Раненых было много на Советском проспекте, везли и везли. Но на улице их было не увидеть — на прогулке, например. Видимо, к нам очень тяжелых привозили. Моя сестра, как школу окончила, сначала пошла токарем на завод «Красная звезда» снаряды вытачивать. А потом ее попросили в госпиталь перейти, медсестер не хватало.
После войны
— Я пошел работать в 15 лет, снег чистил. На Советском проспекте было горжил-управление. При нем была одна-единственная машина-полуторка. И мы зимой в нее снег закидывали с дороги и с тротуара. В день по 15 рублей платили.
Моя трудовая деятельность началась в 1953 году. Помните такого Берию? Тот, который «вышел из доверия». Он тогда всех «тюремщиков» выпустил из-за решетки. Не знаю, сколько точно, но многие в Череповец приехали. Работали тут на стройках, в доках. Опасно было в городе. Я тоже попал под таких уркаганов.

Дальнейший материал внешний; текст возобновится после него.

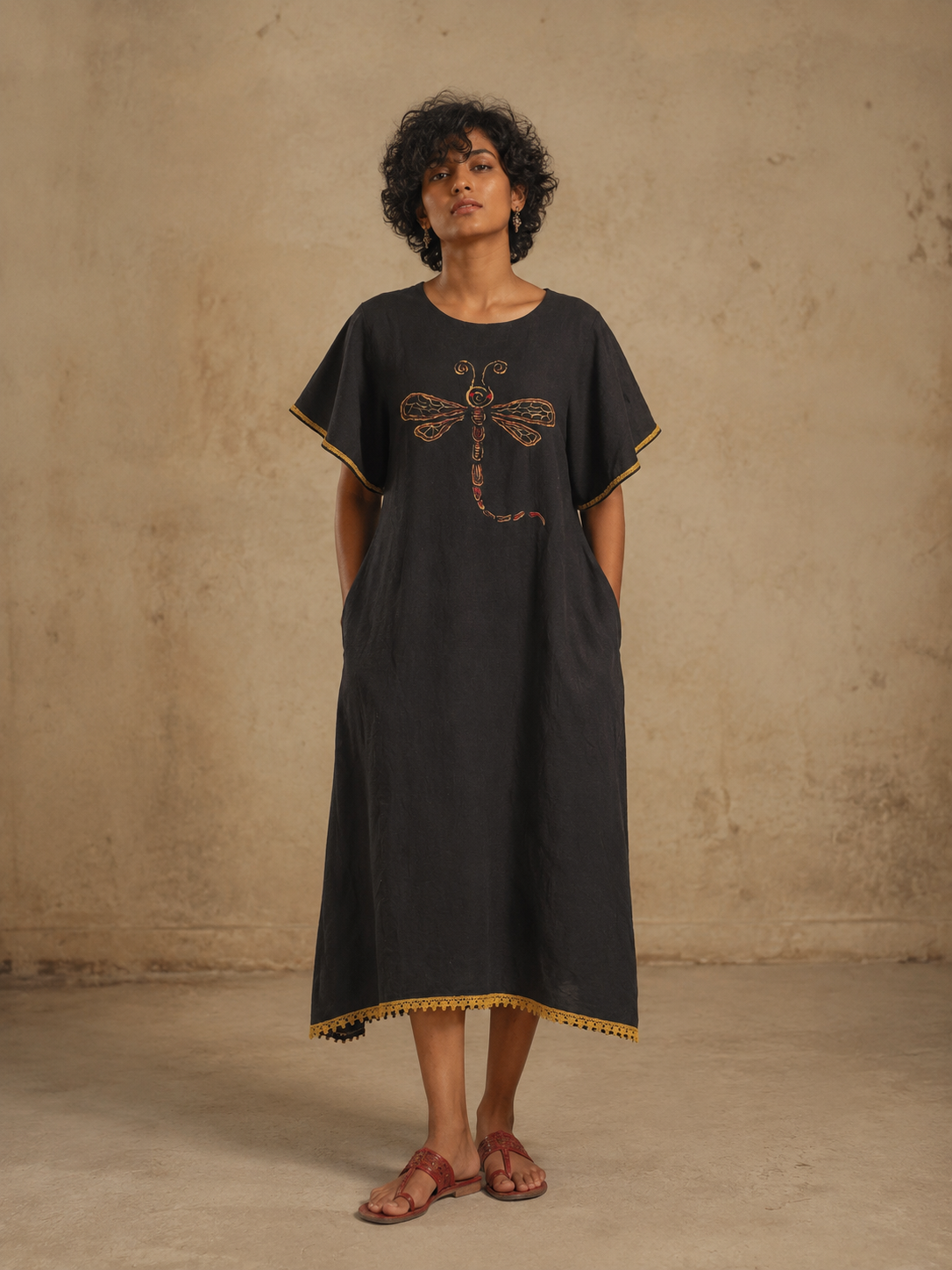 The Dragonfly Handcrafted Cotton Linen Dress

Я с малых лет с деревом любил возиться, поделки разные делать. Когда пацаном был, ходил в Дом пионеров заниматься резьбой по дереву. Наш кружок вел дядя Леша, хороший мужик, многому научил меня. У него на войне нос оторвало, в больнице «наварили», стал как картошина. Мы скульптуры из бревен делали, мои модели в Вологду на выставку отправляли.
Короче говоря, как вошел в возраст, пошел в столяры. Сначала меня на пилораму бросили, доски пилить.
И там привязались ко мне «тюремщики» — отдавай зарплату, а то убьем. А я чего, зеленый пацан, 16 — 17 лет. Отца моего на войне убило, заступиться некому. Отдавал им деньги, с трудом что-то для матери утаивал. Жаловаться боялся: убьют, и все, люди лихие. Один там ухарь самый отчаянный меня все по голове бил, у меня до сих пор головные боли, таблетками спасаюсь. Из-за него я перешел на мебельную фабрику, там мужики честные, работящие.
Десять лет на мебельной фабрике работал, потом еще десять — на спичечной фабрике. А потом жена меня перетянула к себе в трамвайный парк плотником-стекольщиком. Двадцать лет стекла в трамваях вставлял. Их все время били, каждый день. Не пассажиры, нет. Трамваи-то на улице стояли, хулиганы какие-то через забор камнями кидались. Сбоку еще можно поставить, а с лобовыми стеклами как мучились — там ухватиться не за что.
Сейчас на пенсии давно. Я вот дачей все занимался, но в этом году пришлось забросить, здоровье уже не то. Вы обращайтесь, если нужно что-то узнать про старый Череповец, я здесь каждый камушек знаю.